Ask HN: Why doesn't Copilot for Business use your organization's actual repos?

sqs · on Feb 24, 2023

They're working on it: https://githubnext.com/projects/copilot-view/.

We (Sourcegraph) are also working on it, and also bringing other kinds of code intelligence to the LLM so we can answer more kinds of questions: https://twitter.com/sourcegraph/status/1623339664428892162.

dpiers · on Feb 24, 2023

I’m an auditor at a large organization that uses Sourcegraph, and I love it. On one project I had to trace a compliance flow across 14 services written in 4 languages, and Sourcegraph made it easy to navigate everything and document our findings with links to code at specific revisions. I use it to dig through our codebases on a daily basis.

gtaylor · on Feb 24, 2023

Is this going to be available for self-hosted enterprise users?

sqs · on Feb 24, 2023

Yes, we're getting this out to existing customers first (including self-hosted customers). Anyone can sign up on the waitlist in my post above, and we're automatically prioritizing existing customers.

eigenvalue · on Feb 24, 2023

Awesome, thanks for your reply.

louiskw · on Feb 24, 2023

A couple of projects you can look at that might be good substitutes for what you’re asking for -

https://www.codecomplete.ai/ - current YC batch, looks very promising and sounds like this could be a big part of their USP

https://www.tabnine.com/ - the OG code completion, mentions personalised models on their enterprise plan

It’s also on the roadmap for us (AI code search not completions) https://bloop.ai/

travisjungroth · on Feb 23, 2023

Very limited opinion. Having looked into fine tuning Whisper and GPT, it looked to be a fiddly thing. The training isn’t as robust as the inference. Makes sense, it’s running at a different scale. You can manually check models before you release them. But that would put the cost at a different scale than $10/month.

My takeaway was that it’s very easy to mess up a model by fine tuning. You can overfit or have rapid degradation. Again, this is just reading about other experiences on other software, so maybe that’s not the case here.

SteveDR · on Feb 24, 2023

My org shot down an idea like this because they don’t want OpenAI to train on (or have access to) our codebase. I don’t blame them.

literalAardvark · on Feb 24, 2023

Neither do I, but it's a dinosaur with an umbrella attitude.

PaulHoule · on Feb 23, 2023

The usual story is that fine tuning is not very expensive compared to building the foundation model.

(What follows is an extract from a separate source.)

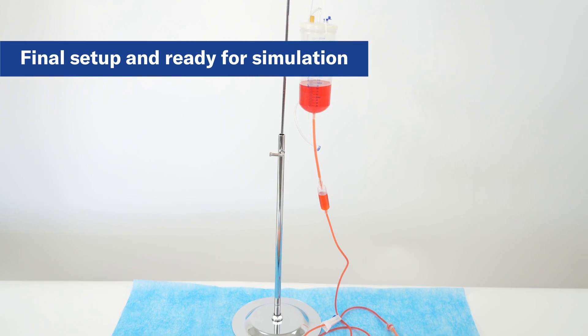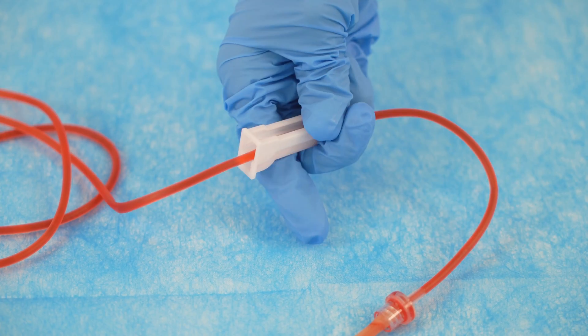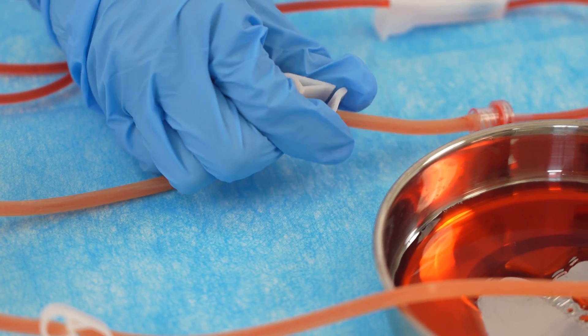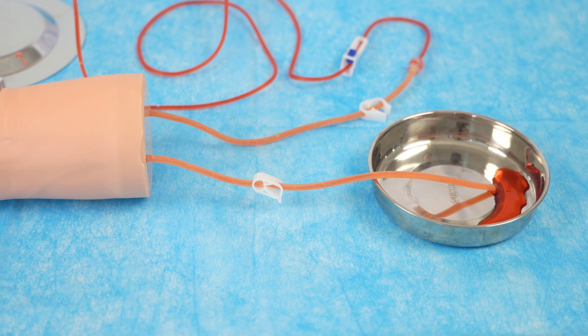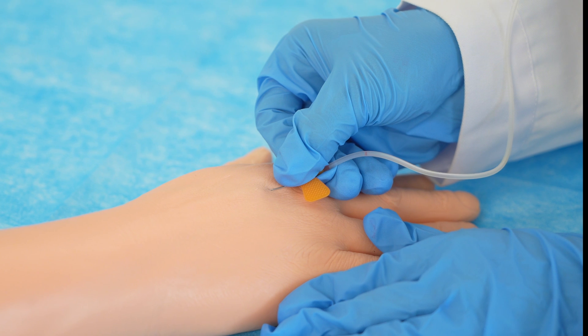The arm is now ready for use in phlebotomy simulation. Make sure that both the outflow roller clamp and the connector clamp on the arm's tube are open, while the clip clamp at the exit of the arm is closed. This will ensure that fluid is controlled during practice.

eigenvalue · on Feb 23, 2023

Right, that's why I'm really surprised they aren't doing something like that. Especially because they presumably have some amount of idle compute at Azure that could be used to work on this when it's not needed for something else.

theGnuMe · on Feb 24, 2023

It might not be stable. Sometimes fine-tuning can throw things out.

eigenvalue · on Feb 24, 2023

I think there are some good strategies for avoiding this, like setting an extremely low learning rate, or not allowing gradient updates that would result in more than N weights changing by more than K%, things like that.

PaulHoule · on Feb 24, 2023

The right approach might be something retrieval based where your own code gets embedded and then searched with some combination of dense similarity and keyword index.

aunch · on Feb 24, 2023

Codeium has a self hosted enterprise solution that gives the enterprise the ability to fine tune on their repos within that self hosted instance!